Nicolás Maduro assures Lula that there will be elections in Venezuela after June
The Venezuelan president held a meeting with his Brazilian counterpart at the CELAC summit, in which he invited Brazil to participate as an observer in the upcoming elections
Nicolás Maduro said at the VIII Summit of the Community of Latin American and Caribbean States (CELAC) that there will be elections during the second half of 2024. The date was established in the Barbados agreements and the commitment to hold them was witnessed by Luiz Inácio Lula da Silva, the Brazilian Presidency reported. The announcement came after the two presidents held a bilateral meeting within the summit. Maduro affirmed that in 2024 there will be “totally reliable and transparent elections” in Venezuela.
According to Venezuelan legislation, it is the National Electoral Council (CNE) that calls elections in Venezuela, and it has not yet taken that step. The ruling party mobilized allied sectors to propose various schedules to hold the elections, and this Friday it delivered a document with 27 possible dates, based on different criteria. The president of the CNE, Elvis Amoroso, acknowledged receipt of the proposals and said that they would begin to analyze them. Electoral specialists have warned that, technically, there needs to be a period of at least six months between the date the elections are called and the day of the vote itself.
“This year Venezuela is holding its 31st election in 25 years. I believe that Venezuela has one of the highest rates of electoral and consultative processes in the electoral history over the last three decades on our continent, and in the world. Whenever it has been necessary, according to the Constitution, elections have been held,” Amoroso said.
The conditions under which the last presidential elections were held in Venezuela in May 2018 — an early date that Maduro himself chose, and which saw a large part of the opposition candidates ruled out of running due to disqualifications and had no qualified international observation missions — led to a win for Chavismo, but undermined the legitimacy of the re-elected government after the decision by several of the world’s democracies not to recognize a process they considered flawed.
Maduro has asked CELAC and also the United Nations — whose Secretary General, Antonio Guterres, was present at the summit — to send their observation missions, despite the fact that days ago he expelled the teams from the office of the United Nations High Commissioner for Human Rights. “Venezuela is preparing for totally reliable and transparent elections, with an electoral system that I would like CELAC to know about and be able to broadcast beyond manipulation, misrepresentation, and lies,” he said.
In CELAC, Maduro has found a space to return to international dialogue, after several years of isolation due to the country’s authoritarian drift. And Lula Da Silva has been a mediator in the latest diplomatic spat between Venezuela and its neighbor Guyana over the Essequibo region.
The pair met in December in Saint Vincent and the Grenadines — headquarters of the pro tempore presidency of CELAC — to de-escalate a conflict that had been created after a referendum in Venezuela was held to approve the annexation of the disputed territory. There, Venezuela and Guyana agreed not to threaten each other or use force to resolve the dispute, although days later there were mobilizations of troops and military equipment along the border.

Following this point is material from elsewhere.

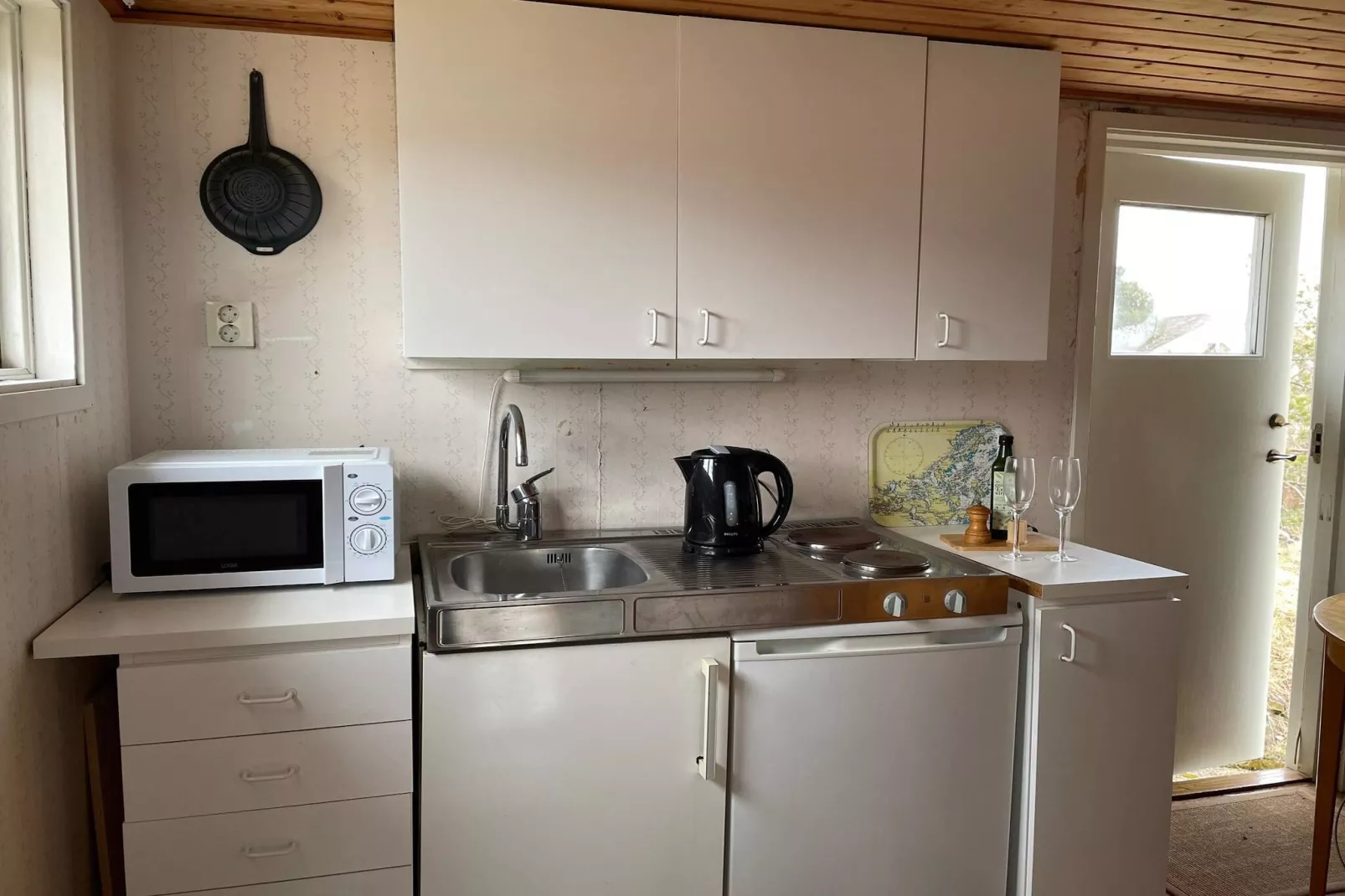 3 Personen Ferienhaus in DALARÖ - Innenbereich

The exchange of prisoners with the United States was also completed at the summit as part of the direct negotiations between Caracas and Washington. In the Caribbean island country, Colombian businessman Alex Saab, who was being prosecuted for alleged money laundering stemming from the Venezuelan government’s corruption, was handed over to Venezuela and has now been named an official in Maduro’s cabinet.
The date of the elections has become a critical issue in the latest steps in the negotiations between the Venezuelan government and the opposition. But several agreements prior to the elections have collapsed in recent months, in which Chavismo has increased the persecution of dissidents — with the arrest of activists and political leaders — and has decided to block the candidacy of the main opposition leader, María Corina Machado. The government has resorted to a ruling from the Supreme Court, which has gone beyond constitutional precepts. Chavismo is trying to set up elections in which it cannot lose, although 85% of Venezuelans want a change of government and Maduro has an approval rating of less than 20%.
According to the Brazilian Presidency, the meeting between Lula and Maduro also touched on the issue of Guyana, where the Brazilian president had made a stop before attending the summit. Also discussed were the million-dollar debt that Venezuela has with Brazil, the intensification of trade between the two countries, and the joint fight against illegal mining in the Yanomami indigenous territory, on both sides of the border.